Kennon later told CNN that he met with Fryar for about 45 minutes after the news conference, but said he still had "no confidence" in BP's economic response to communities hard-hit financially by the disaster.

"(Fryar) made it very clear to us ... that (BP's) first obligation is their shareholders," Kennon said.

The current claims process "will just not work in this situation, where time is of the essence," he said, describing what he called "an immediate need" for financial assistance for those who work in the tourism industry, from marina dockhands and waiters and waitresses to charter fishing boat captains and hotel workers.

"We do not have time to go through the forensic accounting process," Kennon said. "Our year is made from Memorial Day to Labor Day."

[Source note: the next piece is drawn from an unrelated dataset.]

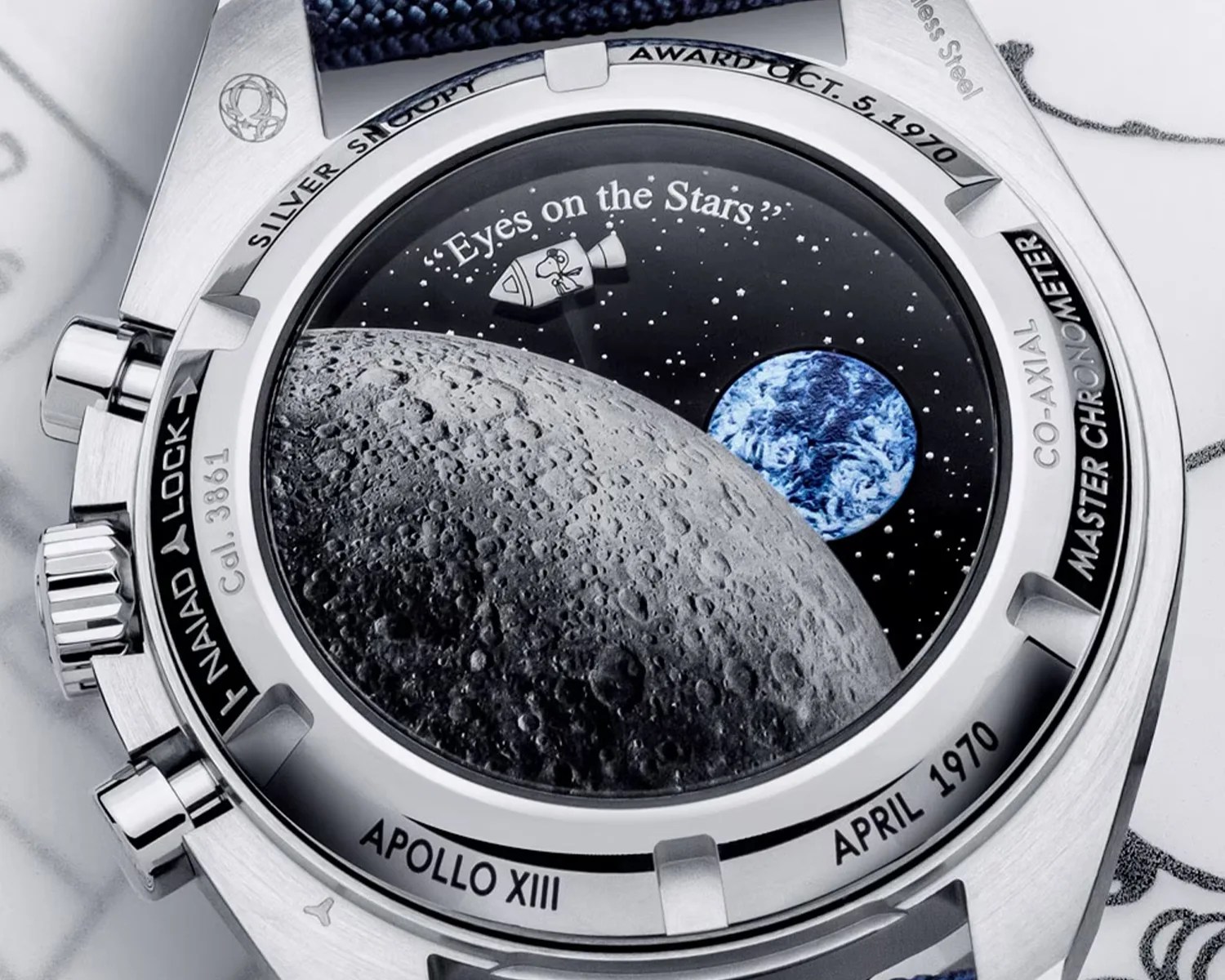 the animated caseback of an omega watch featuring snoopy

He said the community is already hurting from the economic impact of the disaster, with tourism numbers down 50 percent.

"We have folks right now pushing other bills aside just to make payroll," Kennon said, adding that layoffs are imminent if claims aren't paid out immediately.

Meanwhile, he said, Fryar "shows up, talks about how good a job they're doing on the beach. ... It's almost like he's living in the Land of Oz."

Kennon and other coastal leaders have been calling for BP to draw up a contract of sorts that specifically lays out a plan for compensation.

Kennon specifically wants BP "to make sure that every single dollar that we would have earned this year is in the system," as well as paying for lost dollars in travel reservations that were made in advance but then canceled after the disaster.

However, Kennon isn't optimistic.

"I feel like I'm David and Goliath and I've run out of rocks."